How to Deploy Cisco Cloud Services Router (CSR) 1000v on Verizon Terremark Cloud

Note: This post is obselete. There is easier way now to install the Cisco CSR 1000v on Verizon Cloud. This link describes how to quickly spin up an instance.


The Cisco Cloud Services Router (CSR) 1000v is Cisco’s first virtual router and it runs as a VM on x86 virtualized server. The CSR 1000v runs Cisco IOS XE and brings many benefits to a cloud environment where it can operate as a secure VPN gateway to terminate site-to-site IPSEC tunnels. Other use cases of the CSR 1000v include MPLS WAN termination and control & traffic redirection.

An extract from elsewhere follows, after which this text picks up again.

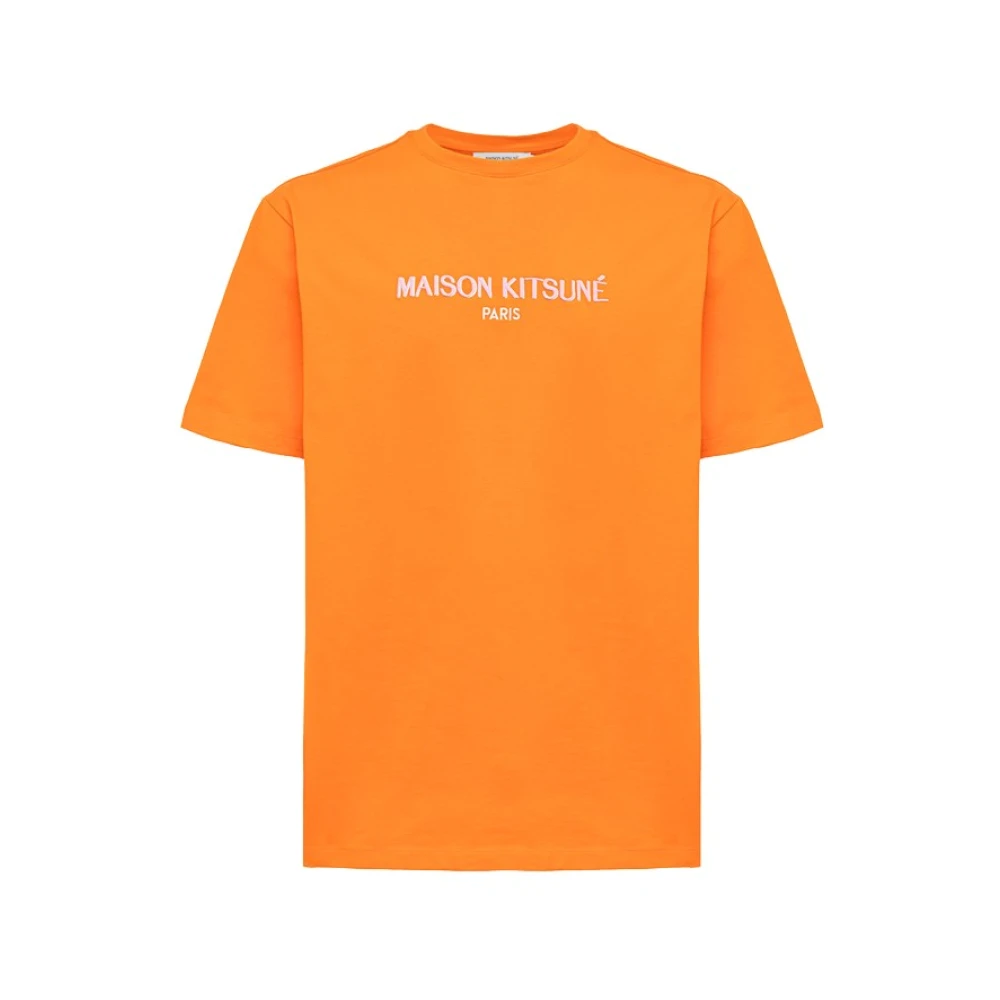 Maison Kitsuné Effengekleurd Katoenen Crew Neck T-Shirt Orange Heren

You can find more information n this virtual router on the Cisco CSR 1000v page.

 

In this post I’m going to show you how to install the CSR 1000v on the Verizon Terremark eCloud. If you are not familiar with the Verizon Terremark cloud console, you can go here for some video tutorials.

 

 

Download A Free Trial Image

  •  Go to the Cisco Download Center and log in using your Cisco credential. Select the latest software release from the left pane and then download the .iso package from the right pane to your desktop. Don’t download the OVA or BIN packages. This free trial should be good up to 6 months.  

Cisco CSR download

  • You can purchase a license from Cisco and upgrade to a full version after you install the CSR.

Create the VM

 

  • Go over to the Verizon Terremark Enterprise Cloud (eClould) page and log in using your credential.
  • The first step here is to create a blank server. A blank server is just a container inside the VMware environment that will hold the Cisco IOS later. So go to Devices -> Create Server -> Blank Server to launch the wizard. 

Create Blank Server

  • On the next screen select Linux for the OS Family, Other 2.6x Linux (64-bit) for the Version. Give the server a name and a description (optional). Then choose an INT network and  choose in which Row and Group you want to place the router. 

 Create blank server

  • On the next screen choose 4 or more for the Processors and 4096 MB or more for Memory. 

Choose VCPU and Memory

  • On the next screen enter 8 for the Disk size or choose a Detached Disk that’s at least 8GB. Click Next.
  • From the next window you can optionally assign tags or just click Next if you don’t want any tag.
  • On the next window review your configurations, check the Agreement box, and click Deploy. Give it about 2 minutes and the server should be ready. If you go to the row and group where you placed the router you should see a greyed out icon (powered off) there. 
  • If you recall we attached only one network to the server earlier, however the CSR requires a minimum of 3 interfaces to run so next we are going to create two additional networks and attach them to the blank server. Right click on the server and go to Configure to launch the wizard.
  • On the next screen choose Configure the Server and click Next.
  • On the next screen click on Network Settings from the top. At this point you should see only one INT network under the Current Connection. Click Add a Connection from the top right to add a new DMZ Network
  • Go click again on Add a Connection and this time choose an INT network (INT_XXX). Choose a unique INT network different from the one you have used when you created the blank server. Click Save.

Create additional vNICs

Now the VM will take a minute or so to reconfigure itself. 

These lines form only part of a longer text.